Recently, when the Planning and Development Minister, Ahsan Iqbal, came out with his pillars of what was reported as the Tenth Five-Year Plan 2013-18 (The Express Tribune, July 2, 2013), one thought he was returning to the good old concept of planning. However, the Planning Commission website talks of a development strategy 2013-18, an obvious replacement of the much hyped and rather expensively prepared growth framework. His prioritisation of the pillars leads us to a different ancestry. Pillar 1 aims at stabilising the economy by minimising fiscal deficit, adopting self-reliance, focusing on tax reforms, increasing investments. Pillar 2 revives the economy for balanced and sustainable growth by promoting the private sector and transforming productive sectors towards value addition through innovation, enhancing quality and productivity. Pillar 3 achieves energy security by addressing inefficiencies, replacing expensive dependence on fuel oil with cheaper alternatives and an integrated energy policy. Pillar 4 builds modern infrastructure for a high-growth economy, which serves as a corridor and hub of regional trade through efficient transport networks by reducing production and transaction costs.

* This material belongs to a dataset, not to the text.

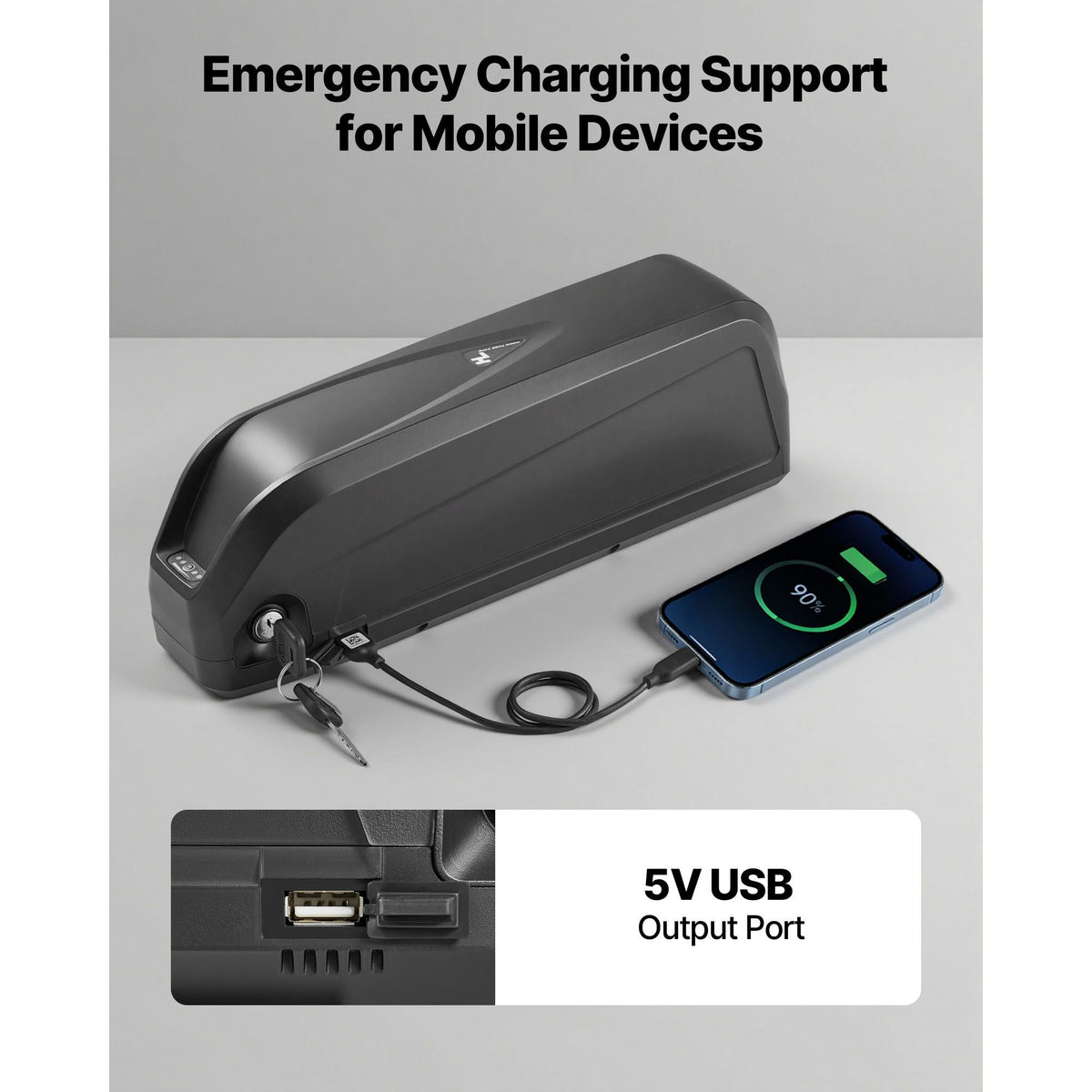 Ebike Battery, 48V 20Ah Electric Bike Lithium Battery Pack with BMS, USB Charge Port, 3A Charger & Lock for 1500W E-Bike Motor, Detachable Electric Bicycle Replacement Kit with Discharge Socket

Pillar 5 restores peace and security by strengthening the country’s relations with all countries of the world, in particular, the international economic blocs, as well as improving security by initiating various social and entrepreneurial programmes in underdeveloped areas. Pillar 5 achieves good governance through institutional and governance reforms with a focus on transparency, accountability, merits in appointments, involvement of citizens at all stages of planning, implementation and monitoring, and providing speedy solution through e-governance. Pillar 6 develops enterprising social capital with a focus on human development, poverty alleviation and youth empowerment to achieve inclusive growth.
These pillars, supporting the PML-N goal of “Strong Economy — Strong Pakistan”, are no different from the Nine Point Agenda of Economic and Social Recovery pushed by Shaukat Tarin of the PPP days. These included (1) macroeconomic stability and real sector growth (2) protecting the poor and the vulnerable (3) increasing productivity and value addition in agriculture (4) making industry internationally competitive (5) capital and finance for development (6) removing infrastructure bottlenecks through public-private partnerships (7) integrated energy development programme (8) human capital development for the 21st century and (9) governance for a just and fair system.

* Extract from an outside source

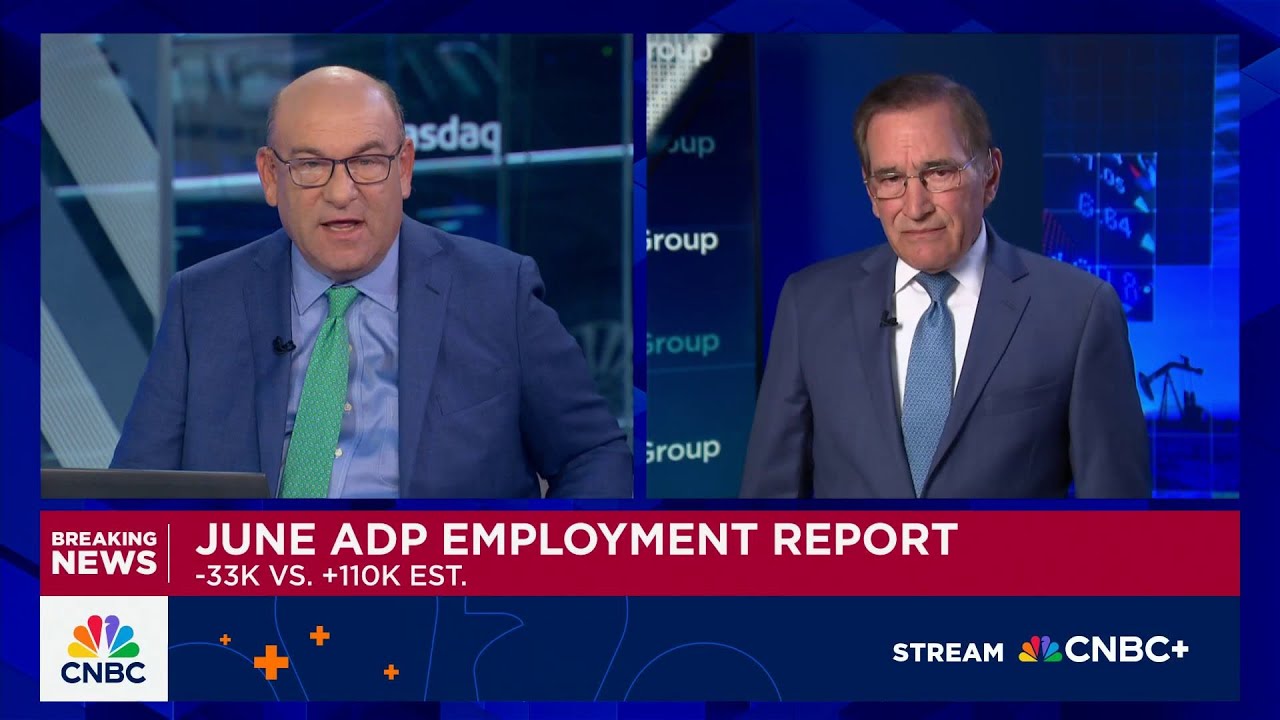 The private sector lost 33,000 jobs in June, badly missing expectations for a 100,000 increase: ADP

Where did Tarin get his nine points? From the “home-grown” Poverty Reduction Strategy Paper II, not adopted officially but nevertheless a guiding internal document for the Ministry of Finance since 2007. The nine points were actually the chapter headings of the same document. Pakistan’s request for the Extended Fund Facility falls in the same line of thought.
Published in The Express Tribune, July 19th, 2013.